Le tre riflessioni che si impongono, su questo episodio apparentemente secondario, riguardano invece il futuro del giornalismo italiano. La prima è, generalmente, l’ambiguità del redazionale. Un lettore qualunque, un non-addetto ai lavori, lo scambierebbe per una sezione del quotidiano. In un redazionale, il lettore trova articoli, dati, interviste e pensa che si tratti di cose scritte dalla redazione, con lo stesso tipo di controllo e verifica delle fonti da parte del direttore. Ci sono poi articoli e interviste che sembrano redazionali, da quanto sono sbilanciati. Ma l’intervista a D’Alema pubblicata da Milano Finanza, ad esempio, non è semplicemente "di parte", è targata chiaramente “Desk China”. I cinesi sono maestri in questo tipo di propaganda, anche su altri grandi quotidiani italiani.

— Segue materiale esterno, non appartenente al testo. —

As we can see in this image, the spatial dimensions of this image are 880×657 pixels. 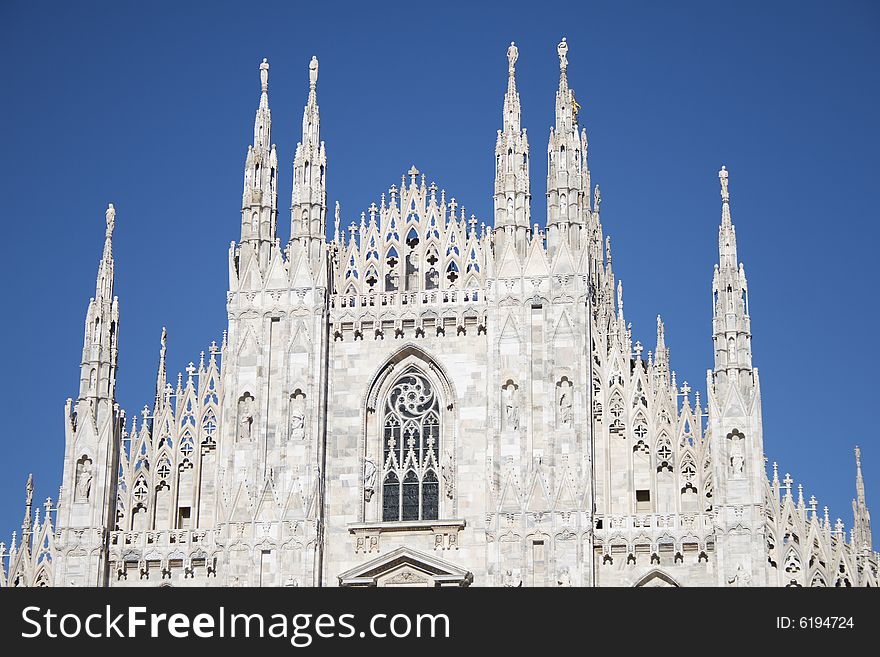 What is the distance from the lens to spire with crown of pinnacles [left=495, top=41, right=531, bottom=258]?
131 feet

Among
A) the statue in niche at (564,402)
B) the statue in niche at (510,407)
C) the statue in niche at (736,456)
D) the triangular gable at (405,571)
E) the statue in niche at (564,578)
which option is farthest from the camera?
the statue in niche at (510,407)

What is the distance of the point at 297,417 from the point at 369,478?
7.24ft

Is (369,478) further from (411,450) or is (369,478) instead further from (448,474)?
(448,474)

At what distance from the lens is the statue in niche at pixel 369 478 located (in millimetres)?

La seconda riflessione è, appunto, sulla propaganda cinese in Italia. Il nostro Paese, dopo la firma dei protocolli della Nuova Via della Seta (2019) è uno dei più influenzati in assoluto, nel mondo occidentale. Nella prima fase della pandemia di Covid siamo addirittura diventati un caso studio internazionale quanto a livello di esposizione alla propaganda cinese sui social network. Non a caso siamo stati il primo Paese democratico ad aver adottato la stessa strategia di Pechino per la lotta al virus. Dei redazionali, pubblicati sul quotidiano confindustriale, così come su altri grandi quotidiani nazionali, sono una non-notizia, da questo punto di vista. Ma se mettiamo assieme il livello di propaganda sui social, la presenza cinese nelle università, la presenza di polizia d’oltre-mare di regioni cinesi in più di una città italiana, più la cooperazione assidua con tutti i mass media, inclusa l’Ansa (che rilancia notizie di Xinhua, l’agenzia stampa di Stato di Pechino), allora la cosa cambia. Siamo di fronte ad una penetrazione cinese politica, a tutti i livelli.
La terza riflessione riguarda la protesta dei giornalisti. Ed è una buona notizia, in un mondo in cui regna l’assuefazione. È un bene che almeno i redattori del Sole che hanno aderito abbiano correttamente identificato la Cina come una dittatura e per questo abbiano ritenuto inaccettabile la sua propaganda. Sembra scontato, ma non lo è più. Per tornare a dire che una dittatura è una dittatura occorre ormai un certo coraggio, soprattutto se si parla della Repubblica Popolare Cinese. La si è definita in molti modi, tutti edulcorati: come un nuovo impero, un sistema meritocratico, come un sistema capi-comunista (dunque capace di fondere capitalismo e comunismo), ma mai per quella che è realmente. Onore al merito ai redattori del Sole, per la loro onestà intellettuale.